Abstract
Macadamia ternifolia is a subtropical fruit tree of the family Proteaceae. Chloroplast genome sequences play a significant role in the development of molecular markers in plant phylogenetic and population genetic studies. In this study, we report the complete chloroplast genome sequence of M. ternifolia. The chloroplast genome is 159,669 bp long and includes 113 genes. Its LSC, SSC, and IR regions are 88,072, 18,801, and 26,408 bp long, respectively. Sequence comparison of M. ternifolia and M. integrifolia indicates large sequence conservation between these two species, only few sequence variations including single nucleotide polymorphisms (SNPs) and inserts/deletes (InDels) were detected.

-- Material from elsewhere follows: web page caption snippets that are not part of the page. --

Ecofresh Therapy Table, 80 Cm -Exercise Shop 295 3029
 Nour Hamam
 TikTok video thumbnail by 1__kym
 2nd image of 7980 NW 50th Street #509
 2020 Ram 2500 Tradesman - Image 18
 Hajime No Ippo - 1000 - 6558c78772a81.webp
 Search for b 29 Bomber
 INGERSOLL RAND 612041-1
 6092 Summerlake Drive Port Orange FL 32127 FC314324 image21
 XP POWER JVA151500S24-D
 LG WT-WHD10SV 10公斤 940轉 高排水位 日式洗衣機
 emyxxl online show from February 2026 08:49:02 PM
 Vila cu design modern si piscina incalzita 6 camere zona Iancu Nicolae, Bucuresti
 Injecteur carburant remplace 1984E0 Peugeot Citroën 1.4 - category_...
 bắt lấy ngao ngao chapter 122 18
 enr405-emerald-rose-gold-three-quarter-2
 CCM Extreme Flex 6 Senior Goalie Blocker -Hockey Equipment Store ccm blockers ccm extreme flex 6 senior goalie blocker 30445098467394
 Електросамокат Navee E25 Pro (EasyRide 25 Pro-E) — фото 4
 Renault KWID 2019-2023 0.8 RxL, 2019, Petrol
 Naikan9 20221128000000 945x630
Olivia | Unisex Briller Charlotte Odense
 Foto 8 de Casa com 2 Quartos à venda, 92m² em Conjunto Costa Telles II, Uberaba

Keywords: Chloroplast genome, Macadamia ternifolia, Proteaceae
Macadamia (Macadamia spp.) is a subtropical fruit tree from Australia and is widely cultivated in many other countries for the high oil content of its edible kernel (Mason and McConachie, 1994). There are three major fruit tree species in the genus Macadamia: M. integrifolia, M. tetraphylla, and M. ternifolia (Aradhya et al. 1998; Hardner et al. 2009), and M. ternifolia is the wild relative of the other two species. Chloroplast genome sequences can provide useful molecular markers for plant genetic studies. A previous study has reported the complete chloroplast genome sequence of M. integrifolia (Nock et al. 2014). In this study, we report the complete chloroplast genome of M. ternifolia, and hope it would aid further phylogenetic and population genetic studies of the Macadamia species.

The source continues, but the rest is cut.